If you enjoy visiting charming, quaint, old villages full of character, Tideswell in the Peak District should be added to your list. By Peak District standards, it’s a large village. It’s the second largest in the national park after Bakewell. But if you live in a town or city, it will seem tiny. The history of the village goes back to Roman times.
The size of the church, known as the Cathedral of the Peak, gives you an indication of how prosperous Tideswell was in the middle ages. The area became wealthy firstly due to lead mining, which dates back to Roman times and wool production, then in the 19th century for textiles, with both cotton and silk being milled or woven. There is still some industry in the village, with a small industrial estate at the end of the village.

We’ll get to the church later, because as spectacular as it is, there is more to Tideswell than the church.
Let’s start with the name. The accepted source of the name is that the village is named after a Saxon chief, Tidi. But there is an alternative suggestion that the name came from the well, a tiding well. Either way, Tideswell it is, unless you are local and call it Tidza.
The thing that most draws your eye as you drive or walk through the village is the church of St John the Baptist, and it’s very clear to see why the Grade I listed building is called the Cathedral of the Peak. It isn’t the original church built on the site. There was a small Norman church on the site which was replaced by the current church built entirely in the 14th century. It took 80 years to complete, having been delayed by the black death. The church was restored in the 1800s. It was a very sympathetic renovation and the medieval character of the church was retained.

There are some unusual things to see in the church. If you have a good eye, you may spot the green man. There is a very unusual altar tomb in the middle of the chancel. It has a sculpted cadaver under the altar. The wooden screen separating the nave from the chancel is the original one. The Gabriel bell now lies on the floor of a chapel, but that too is original.

The font is medieval. The wood carvings in the choir are stunning. There are beautiful brasses, two organs, a medieval font, impressive monuments and the tall, unstained windows make the church unusually light. Rumour has it that there is a secret tunnel somewhere in the church. No amount of searching on our part could find so much as a hint of one.

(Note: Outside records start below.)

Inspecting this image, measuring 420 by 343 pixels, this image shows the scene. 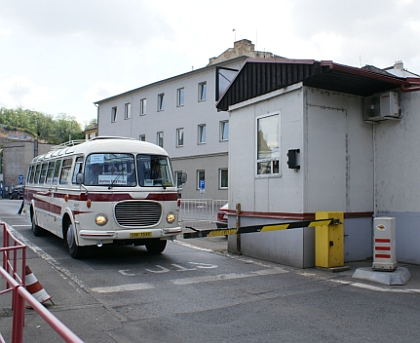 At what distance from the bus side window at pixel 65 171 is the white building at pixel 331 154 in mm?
4637

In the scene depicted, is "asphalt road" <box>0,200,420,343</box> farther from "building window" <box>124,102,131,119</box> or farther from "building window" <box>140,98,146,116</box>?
"building window" <box>124,102,131,119</box>

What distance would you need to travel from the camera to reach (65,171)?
11281 mm

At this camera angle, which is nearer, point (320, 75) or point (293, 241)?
point (320, 75)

But there’s more to Tideswell than the medieval church. If you wander around, you may come across Markeygate House, believed to be the oldest house in the village and dating back to 1432. It’s a Grade II listed building, therefore of special interest. As you can imagine, it has been remodelled several times, although the listing will prevent further remodeling.
Fountain square in the centre of the village has, of course, a fountain. But it’s a very modest one. What it does have as well, is a more modern church than the grand one further up the road, but it does have an interesting twist. Until relatively recently, the village had five churches. In 1972, two of the churches, the Wesleyan and the Primitive Methodist churches combined to form the Methodist church at Fountain square. The congregations of the Methodist Church and the United Reformed Church dwindled, so in 2010, two churches united became three.

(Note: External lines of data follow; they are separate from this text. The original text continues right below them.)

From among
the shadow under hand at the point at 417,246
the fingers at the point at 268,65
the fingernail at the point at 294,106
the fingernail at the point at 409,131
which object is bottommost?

Tideswell Dale nature reserve sits just outside the village. It’s part of the Wye Valley area of special scientific interest. The sheltered limestone gorge is home to many species of wild flowers and butterflies.
In the summer, Tideswell celebrates their Wakes. Floats, food, bands, carnival and a weekend of celebrations. The tradition of the Wakes dates back 750 years. It coincides with the village well dressing and the festival of St John the Baptist. The village puts a lot of effort in and floats from the surrounding villages and local businesses take part. The Wakes lasts all weekend, with different traditional activities. There are bands playing and a range of food kiosks to suit most tastes.
The village participates in the ancient art of well dressing. This is a practice only found in the Peak District, although some surrounding areas have adopted it too. Well dressing involves creating a large picture from flowers, leaves and natural materials inserted into a clay panel. Four Wells are dressed in Tideswell, the well dressing usually happens around the time of the Wakes.

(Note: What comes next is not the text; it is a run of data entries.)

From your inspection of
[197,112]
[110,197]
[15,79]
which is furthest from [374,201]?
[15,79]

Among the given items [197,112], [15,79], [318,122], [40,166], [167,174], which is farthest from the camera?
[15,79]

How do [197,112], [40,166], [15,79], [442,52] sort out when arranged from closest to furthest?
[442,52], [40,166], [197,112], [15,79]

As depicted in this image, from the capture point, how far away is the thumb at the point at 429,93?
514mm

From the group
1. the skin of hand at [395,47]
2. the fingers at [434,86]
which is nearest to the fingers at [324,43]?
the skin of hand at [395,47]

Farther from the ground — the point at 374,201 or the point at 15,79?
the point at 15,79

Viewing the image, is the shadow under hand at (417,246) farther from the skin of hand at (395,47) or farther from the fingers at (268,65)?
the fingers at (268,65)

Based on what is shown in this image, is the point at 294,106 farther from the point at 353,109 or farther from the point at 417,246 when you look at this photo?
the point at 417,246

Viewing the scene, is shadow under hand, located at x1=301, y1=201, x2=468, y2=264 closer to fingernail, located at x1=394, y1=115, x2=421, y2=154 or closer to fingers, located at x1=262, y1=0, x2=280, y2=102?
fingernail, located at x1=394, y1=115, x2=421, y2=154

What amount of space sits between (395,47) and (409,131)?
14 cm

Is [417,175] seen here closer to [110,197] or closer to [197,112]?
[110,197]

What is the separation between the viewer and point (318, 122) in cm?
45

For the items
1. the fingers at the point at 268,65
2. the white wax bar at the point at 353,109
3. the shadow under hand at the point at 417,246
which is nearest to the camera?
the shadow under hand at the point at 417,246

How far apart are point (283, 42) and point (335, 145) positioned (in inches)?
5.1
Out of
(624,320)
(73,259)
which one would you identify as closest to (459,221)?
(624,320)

Tideswell has another claim to fame. Food. The village has managed to retain a lot of food shops, although COVID and lockdown have reduced the number. Unlike most other villages, there is no need to travel to get something tasty for your dinner. You can buy most of what you need in the local shops. There are a number of pubs and cafes in the village. We called in at The Horse and Jockey, not the oldest pub in the village at only 200 years old, but it has a lot of traditional charm. There are rooms to rent which are dog friendly, two dining areas, a log burner (which was very welcome when we called in) and a range of very well kept real ales.

If you would like to stay in the area for a few days, there is a range of types of accommodation. There are a couple of traditional bed and breakfast options, rooms in some of the pubs, and holiday cottages to hire. The surrounding area is beautiful, with plenty of walking in stunning countryside. But if the great British weather puts you off the walk, you don’t have to go far to sit beside the fire in a pub.